Earlier this year, I posted some thoughts on the question of using downloads from the SSRN repository to evaluate the "scholarly impact" (or some other notion of importance) of faculty and law schools. My biggest concern remains that the use of these download data in rankings gives people an incentive to do the opposite of what SSRN was designed to do in the first place: encourage people to look at each others' work and to engage with it. Specifically, since we know that a decision to download a paper will pump up the author's rankings, that knowledge can cause us to pass over a paper either for straightforward strategic reasons ("I don't want to pump up his numbers!") or for more benign reasons ("I'm not sure what this paper says; but the very act of finding out will pump up the numbers for a paper that I might end up wishing I had not downloaded.")

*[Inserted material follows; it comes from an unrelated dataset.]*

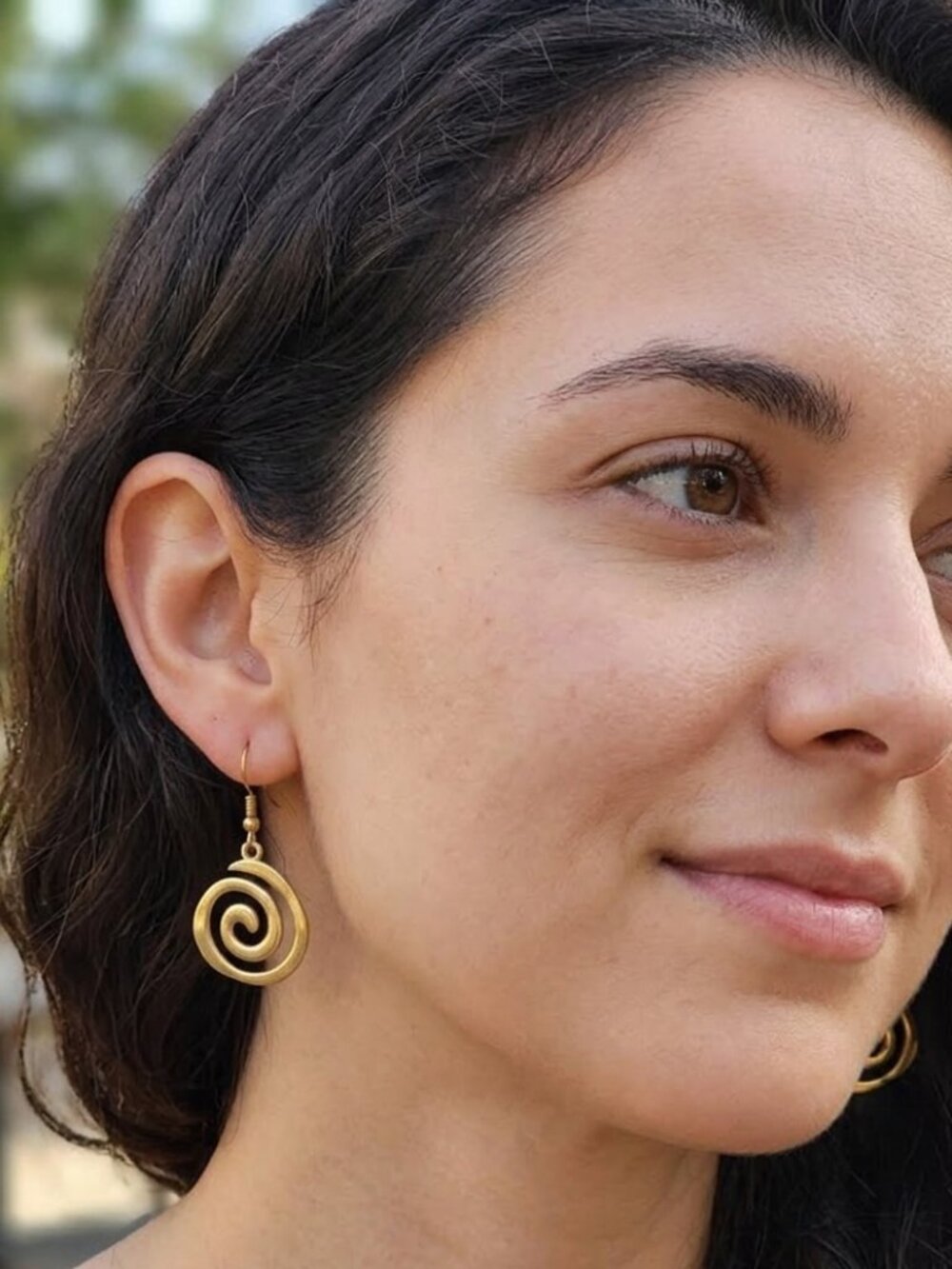 Gold Spiral Dangle Earrings Swirl Drop Boho Minimalist Jewelry - Picture 2 of 9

I'll add here that there is an additional difference between download counts and citation counts. While citation counts are also problematic, they cannot really be stopped. That is, there is nothing to stop any motivated party from going out and counting citations. All you have to have is the time and technology, and you can count the citations of any given paper in any set of publications you like. SSRN download counts, by contrast, are not (so far as I know) inherently public data. If the management of SSRN decided that the information that the download data provide is less valuable than the distortions that they cause, they could simply choose not to provide this information anymore. If I'm right that they have this option, I wish that they would exercise it. In my mind, the cost/benefit analysis clearly disfavors publishing these numbers -- especially because they undermine what I take to be SSRN's core purpose.
That said, I also wanted to add a criticism that was suggested to me by my new colleague at GW, Sarah Lawsky. (For people who are destined by their surnames for careers in the law, perhaps only Sylvia Law has a better name than Lawsky.) Sarah suggests, without taking a position on whether it is actually a useful exercise to count downloads, that downloads need to be adjusted for the equivalent of inflation. That is, the download counts are typically offered as "all-time downloads" as well as "recent downloads." (A recent example is here.) What could all-time downloads possibly tell us? In its early years, SSRN naturally had very few papers, and most scholars had not yet heard of it and were not downloading papers as part of their research work. An author could have written a paper that had only 30 downloads in an environment where there were only 3000 downloads in a week, whereas today a relatively minor paper could have two to three times as many total downloads. It's like saying that someone earning $200,000 per year today is richer than someone who earned $100,000 per year in 1967.
What is the right "price deflator," to use the economics term? As Sarah points out, this depends on the question we're asking. I'm not sure that there is a useful question that is answered by all-time downloads (or current downloads, for that matter), even if we could engineer a nice price deflator. I do know, though, that those who do think that downloads are a good measure of something would make a more compelling argument if they could identify what they think they're measuring and then devise an appropriate price deflator.